Futbolda çok yetenekli bir çocuk vardı, kesin star olur diyorduk. Ama olmadı, şansı yaver gitmedi, kulüplere alındı ama barınamadı. “Acaba niye başaramadı?” diye sorgulayınca bir arkadaş dedi ki: “Alevi olduğun için abi, Alevi olduğundan önünü kestiler bizim aslanın.” Bir sessizlik oldu. “Nereden çıkardın şimdi bunu? Böyle bir şey mi duydun?” dedik. “Sadece tahmin ettim, başka ne sebep olabilir ki?” diye yanıt verdi.

Kılıçdaroğlu ile ilgili Alevilik tartışmasını duydukça aklıma hep bu örnek gelir. Ortada açıklanamaz bir başarısızlık varsa, bunu tahminler üzerinden yorumlamak eski bir alışkanlıktır. Türkiye’de öne çıkmış binlerce Alevi insan var; Alevi şarkıcılar, oyuncular, mühendisler, iş insanları, belediye başkanları ve siyasetçiler var. Kimse bunların Alevi veya Sünni olduğunu bilmez, kimse de sorgulamaz. Ama ortada anlaşılamaz bir sorun varsa, gerekçe borsası açılır.

***

Futbolcu genci yakından tanıyan bir arkadaşımız, aynı zamanda gencin babasının da arkadaşıydı. “Evet, bu ülkede bir Alevi ayrımcılığı var ama futbol dünyasında, parlak bir gencin kariyerini belirlerken böyle bir ayrımcılık asla yapılmaz.
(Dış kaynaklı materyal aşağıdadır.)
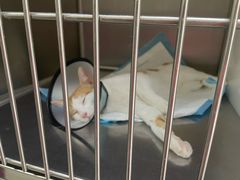 -艾贝尔宠物诊疗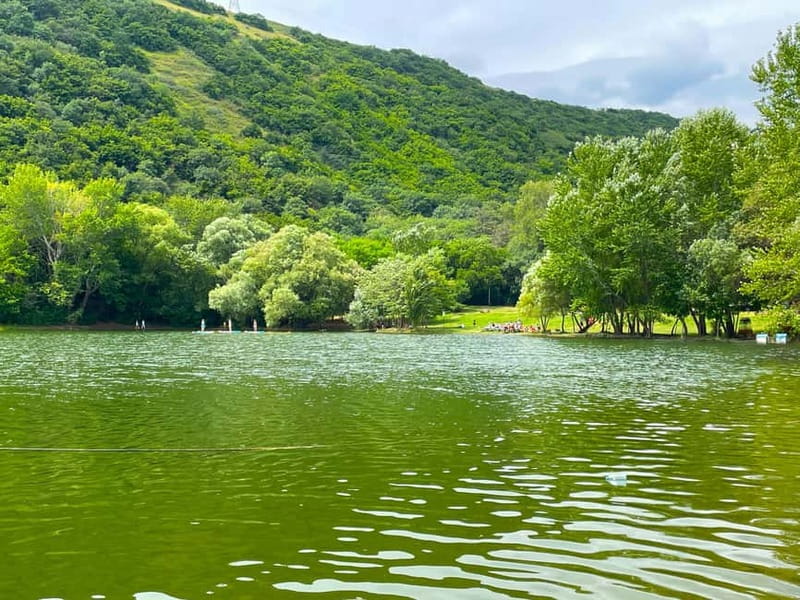 Tbilisi 2 Parks: Turtle Lake & Dedaena Park with Flea Market - Who will enjoy this tour most?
Bunca yeteneğine rağmen başarısız olmasının nedeni öz babasının iletişim hatası. Bu çocuk tamamen ters reklamdan kaybetti.”
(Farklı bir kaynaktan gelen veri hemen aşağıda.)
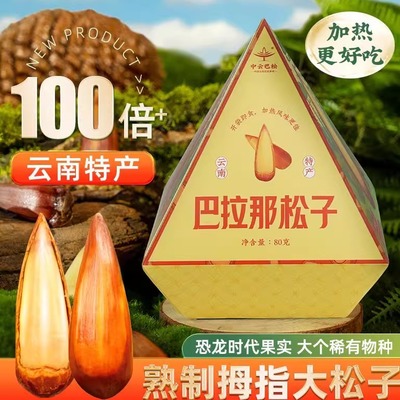 巴拉那松子云南特产新货大颗坚果干果原味休闲零食独立包装80g/盒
“Hoppala, ne alakası var iletişimin?” filan dedik. Gencin babasını tanıyoruz, kendi dünyasında çok önemli bir spor insanı, yaşı ileri. Bizim gencin antrenörlerinin çoğundan tecrübeli, sağda solda antrenörler aleyhine atıp tutuyor, oğlumu öveyim derken, çocuğun yöneticilerini yerin dibine batırıyor... Babasının bu kontrolsüz dışavurumları nedeniyle olan çocuğa oluyor. Babanın üslubu delikanlının futbol kariyerini bitiyor. Bizim gibi süreci uzaktan izleyenler, somut başarısızlığı gerekçelendiremedikleri için faturayı delikanlının mezhebine kesiyor.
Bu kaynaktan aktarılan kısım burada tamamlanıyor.